The spread of these cookie notices is down to European legislation. A combination of GDPR and how it altered the ePrivacy Directive forced pretty much every site on the web to ensure people in Europe clicked ‘allow’.

The legal changes were meant to make understanding web tracking easier for everyone. But two years after the arrival of GDPR, cookie consent notices are a blight on the web. Researchers have found that they use dark patterns to trick people into clicking ‘yes’, with a lack of enforcement against websites that don’t comply with the rules – and a general lack of awareness of what the cookie notices are meant to achieve – creating a real mess.

“Usually people click to get it away because it’s really big on the screen,” says Estelle Massé, a senior policy analyst and global data protection lead at non-profit internet advocacy group Access Now. “You want to move on. You don’t actually read what is happening, you don’t actually know what you’re consenting to.

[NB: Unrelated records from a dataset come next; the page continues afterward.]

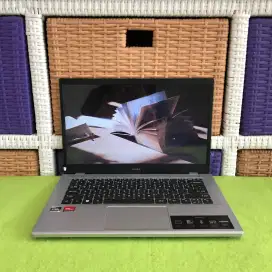 Laptop Acer Aspire A314-23M Bahan Stainless, Warna Silver, Gaming Vers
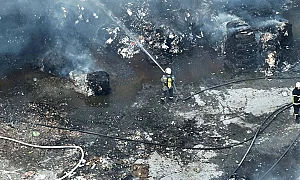 Два пожара горяха в Пловдив, в региона са общо 22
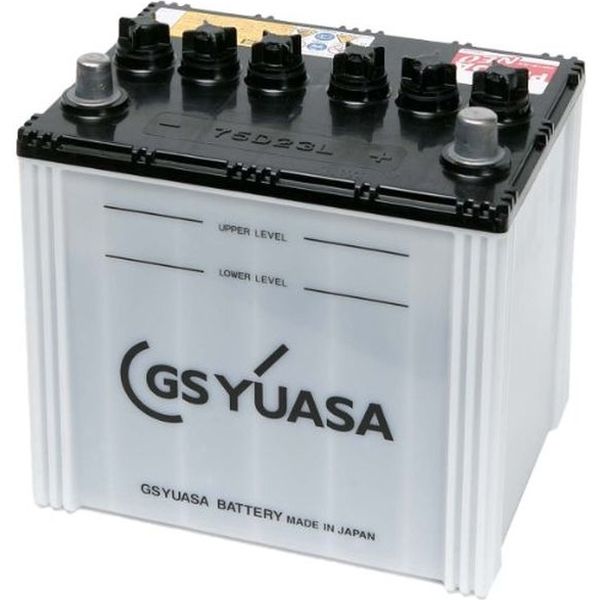 【カー用品】GS YUASA（ジーエスユアサ） 国産車バッテリー PRODA NEO PRN-75D26R 1個（直送品）
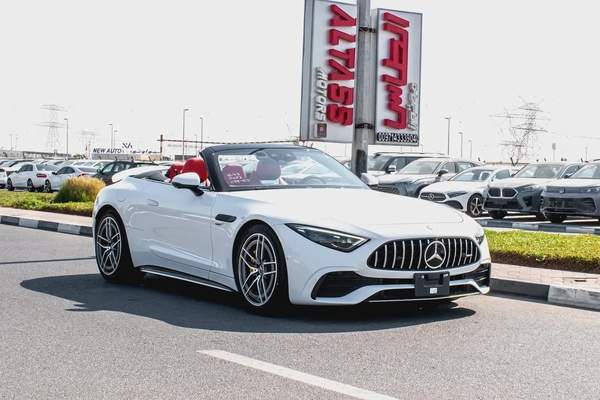 2023 Mercedes-Benz SL43 AMG – | Only 2,000 KM | Brand New Condition
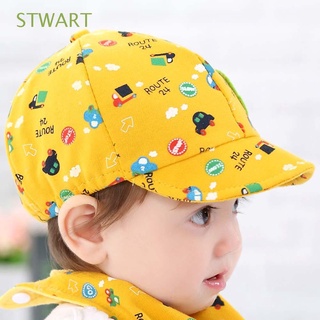 STWART Fashion Infant Hat Kids Casual Hats Baby Baseball Cap Newborn Toddler Lovely Boy Girl Little Car Beret Cap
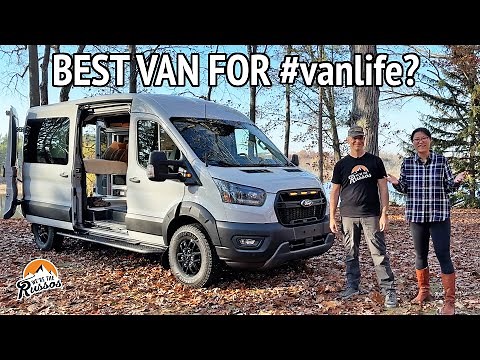 Best Van for #vanlife? All new 2023 Ford Transit Trail™ #sponsored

It’s not really helpful as a tool.”

Cookie notices come in all shapes and sizes – however, they largely work in the same way. They’re in place to ask people to provide their consent for the website they’re visiting to collect information about them. On your phone, laptop or tablet, cookies exist as strings of text that contain information. The cookies are stored by web browsers and communicated with the servers of a website each time it is accessed. Often cookies exist as identifiers – a code that’s unique to you.

The types of information websites collect through cookies depends on what they do – an online clothes shop will gather different information than a news website, for instance. Cookies can collect information that helps websites to function, such as those that detect spam and the servers that are being accessed, or other information that can lead to personalisation and targeted advertising. A website can detect the online identifiers given to you by Google or Facebook’s advertising infrastructure, helping to determine your interests based on your browsing history and present adverts that you may be more likely to click on.

The introduction of GDPR caused a huge spike in cookie consent notices across the web. The legislation changed the definition of consent within the ePrivacy Directive, which was created almost two decades ago to manage digital privacy, and ultimately made websites move to a cookie setup where a user has to click to say they allow cookies to be collected on their device. (Pre-ticked consent boxes do not count as a way to obtain consent for cookies, European courts have ruled).

According to research published in October 2019, following the adoption of GDPR more than 60 per cent of popular websites in Europe show cookie consent notices. Two of the authors behind the research, Christine Utz and Martin Degeling from Ruhr-University Bochum, Germany, say the percentage has likely increased since they completed their research and the detail that websites provide in cookie consent notices has improved.

Their research paper looked at the different positions of cookie notices on websites (people are most likely to interact with a notice in the lower left of the screen), the choices offered and the wording of notices. “Given a binary choice, more users are willing to accept tracking compared to mechanisms that require them to allow cookie use for each category or company individually,” the paper says. “We also show that the widespread practice of nudging has a large effect on the choices users make.”